WSUV teaches fact-checking tools, savvy

National digital polarization initiative trains students to be better readers of the web

By Sue Vorenberg, for The Columbian
Published: October 29, 2017, 6:00am
4 Photos
Junior Brayden Cooley, left, and senior Maciel Draculan work on a digital polarization initiative assignment at Washington State University Vancouver.
Junior Brayden Cooley, left, and senior Maciel Draculan work on a digital polarization initiative assignment at Washington State University Vancouver. (Andy Bao/The Columbian) Photo Gallery

Let’s face it: Fake news isn’t just a problem for the left or the right — it’s a problem for all of us.

The internet is the Wild West of polarizing ideas, and new website technology has made it easier for anyone with a computer to create their own biased news site that looks professional and valid. So how do you figure out what’s real and what’s not? Washington State University Vancouver has an answer. It’s participating in a broad new national program that is teaching students how to fact-check their way to the truth.

“The web is both the greatest tool for disinformation ever invented but also the greatest fact-checking engine in the world,” said Michael Caulfield, director of blended and network learning at WSUV. “Once you get good at this stuff, you can get a good idea of the reliability of the source in about 60 seconds.”

Caulfield leads the American Association of State Colleges and Universities’ American Democracy Project Digital Polarization Initiative, which pretty much everybody just calls DigiPo for convenience. The program is an attempt to build student web literacy while fact-checking stories on Twitter and Facebook.

“We started the project last year as a pilot,” Caulfield said. “We wanted to do something around the issue of fake news, but more broadly there’s a whole range of issues over web information.”

Beyond skewed political sites, he noted, the internet is also host to a broad range of pseudoscientific health claims and clickbait designed to inflame much simpler stories originally reported in local papers.

“What we see in this current web environment is just someone’s summary of a critique of someone else’s reporting,” Caulfield said. “It’s like a game of telephone. You get some original solid reporting, and it passes through reposting and critique until it doesn’t look like the original anymore.”

Tracing the source

One way to combat that is to trace a story back to the original report, and if it pans out, share that instead of the clickbait on Facebook, he said.

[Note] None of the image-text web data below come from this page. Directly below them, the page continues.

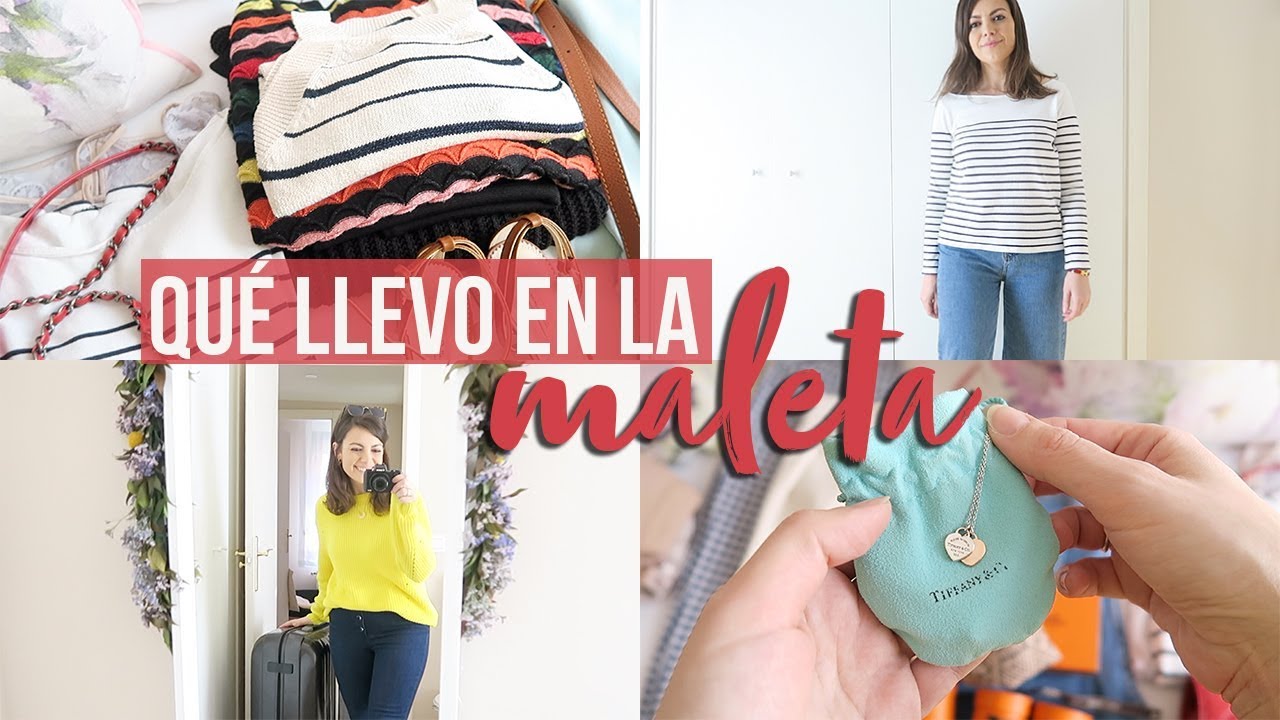 ¿QUÉ LLEVO EN LA MALETA? + HAUL Y TIPS | COLABORACIÓN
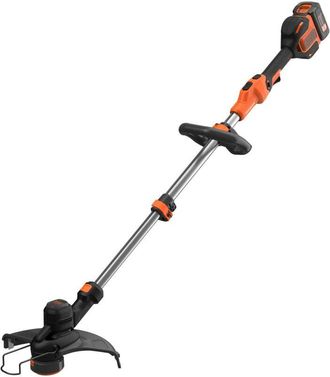 Black+Decker Recortadora De Bater&iacute;a Black+decker - Bcste636l1-qw - 36v - 33 Cm Con Bater&iacute;a De 2,5 Ah + Cargador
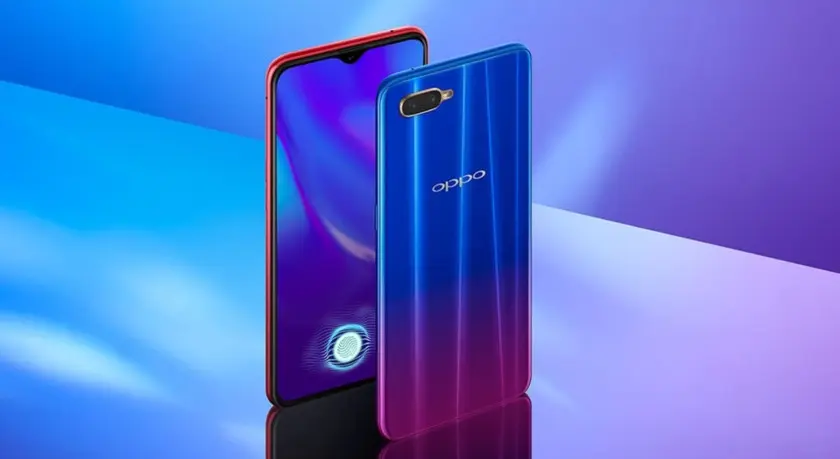OPPO K1 — первый дешёвый смартфон с&nbsp;подэкранным сканером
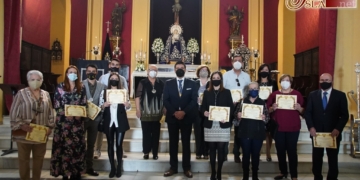Función y reconocimiento a los hermanos en un nuevo 1 de noviembre en la Soledad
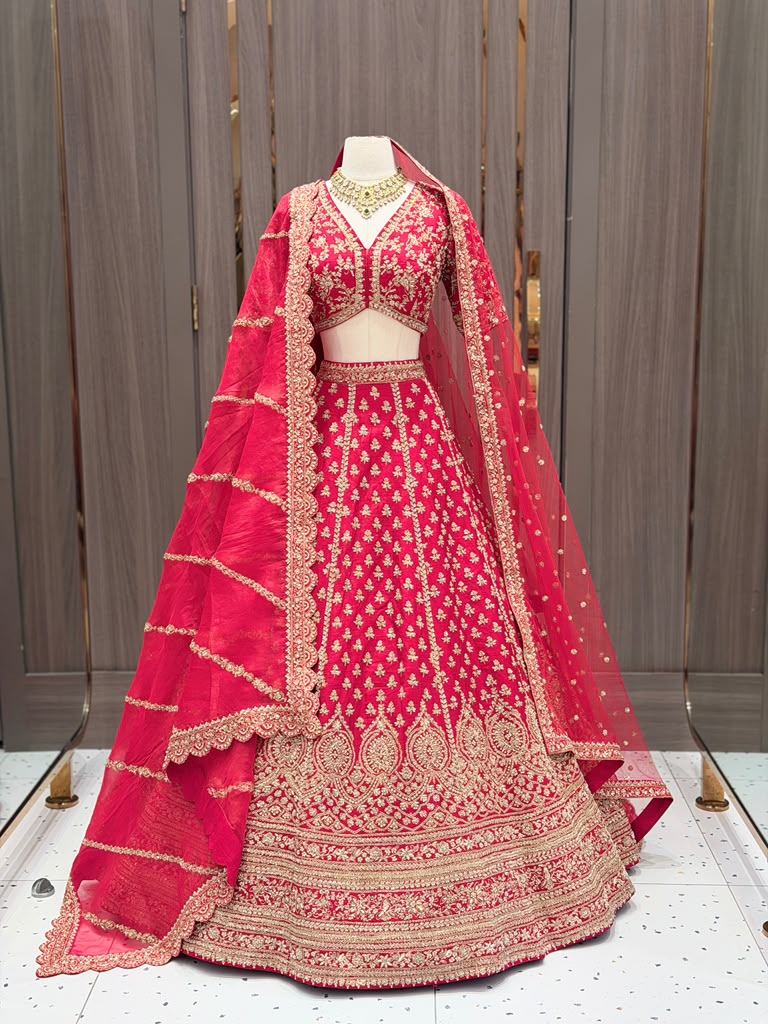 Bridal Lehenga Bl-687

Small-town papers are also a good way to fact-check dubious stories of incidents online. If something actually happened, the region’s local papers will have better information than broader national sites, he added

Students in a wide array of classes are participating in the DigiPo program. Other professors typically invite Caulfield in to work with their classes for a few sessions, where he provides some basic tips on fact-checking and introduces them to the DigiPo.io website — which is sort of like a very broad, student-powered version of Snopes.

That site is also open to the public and free, should any nonstudents want to participate, Caulfield added.

Allison Coffin, assistant professor of integrative physiology and neuroscience at WSUV, first piloted the program in her neuroscience capstone class this past spring. The class looks broadly at neuroscience and how it intersects with society.

“When I first saw Mike was spearheading DigiPo, I thought he’d be a great addition to the class,” Coffin said.

Her students embraced the material — and were fascinated by their task of finding dubious stories on Facebook and Twitter and then following them back to whatever source material they could find.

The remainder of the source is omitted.